TASK REQUIREMENTS> Return, word for word, the lines running from the one that contains "Elegant burgundy floral" to the final line of the listing below.

THE INPUT>
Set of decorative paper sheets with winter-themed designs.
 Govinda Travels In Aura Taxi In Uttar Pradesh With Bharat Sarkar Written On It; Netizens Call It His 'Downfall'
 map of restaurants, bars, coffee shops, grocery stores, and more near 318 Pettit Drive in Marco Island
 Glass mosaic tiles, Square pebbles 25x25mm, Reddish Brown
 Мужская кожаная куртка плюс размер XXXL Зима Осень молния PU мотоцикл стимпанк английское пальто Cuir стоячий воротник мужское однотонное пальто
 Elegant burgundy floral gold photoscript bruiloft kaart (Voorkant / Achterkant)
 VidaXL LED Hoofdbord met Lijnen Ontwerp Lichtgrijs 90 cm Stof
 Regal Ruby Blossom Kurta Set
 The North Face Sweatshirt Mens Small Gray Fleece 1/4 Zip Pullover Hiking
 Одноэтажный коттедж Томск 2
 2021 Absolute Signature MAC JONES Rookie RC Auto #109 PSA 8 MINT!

TASK OUTPUT>
 Elegant burgundy floral gold photoscript bruiloft kaart (Voorkant / Achterkant)
 VidaXL LED Hoofdbord met Lijnen Ontwerp Lichtgrijs 90 cm Stof
 Regal Ruby Blossom Kurta Set
 The North Face Sweatshirt Mens Small Gray Fleece 1/4 Zip Pullover Hiking
 Одноэтажный коттедж Томск 2
 2021 Absolute Signature MAC JONES Rookie RC Auto #109 PSA 8 MINT!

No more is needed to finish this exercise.